More on Soda Bread

Had a chance to test the recipe I gave recently for soda bread using yogurt back in the good Ol’ USA. Some minor modifications are a good idea. The self-rising flour here, or at least the flour from Publix, is very salty. So don’t add any salt, or use regular flour and add your own baking powder. The flour here is also a different, slightly bitter, wheat and much finer ground. So relative to the UK, the bread had a salty sour taste. The crusty texture was quite similar to the UK version.

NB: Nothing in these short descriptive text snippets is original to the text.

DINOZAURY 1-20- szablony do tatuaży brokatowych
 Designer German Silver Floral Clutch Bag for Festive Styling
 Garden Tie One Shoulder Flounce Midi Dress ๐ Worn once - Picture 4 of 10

Here’s the recipe modified for the USA.

300g self-rising flour (2 cups +-)
1 cup Greek yogurt  (my scale’s battery went out right here)
water if needed.

NO SALT!

400F oven.

Mix the flour and the yogurt, then if needed to make a dough add a small amount of cold water. Knead gently and put on a floured baking sheet. Cut a cross in the top and bake for about 1/2 hour until the loaf sounds hollow and is a nice color.

Enjoy.

Author: Amelia

A mild-mannered professor of computer science in real-life, I remove my glasses in the evening to become, well, a mild-mannered author in my alternate reality. I mostly write sweet romantic fiction, although with an occasional science-fiction or paranormal angle thrown in. I have interests in history, mathematics (D'oh), and cryptography. I'm also something of an Anglophile, and know that country pretty well. In addition to writing, research, and more writing, I volunteer with the scouts. I'm something of a nature-nut, enjoying long walks in the country with almost ultra-light gear, boating, and identifying wildlife.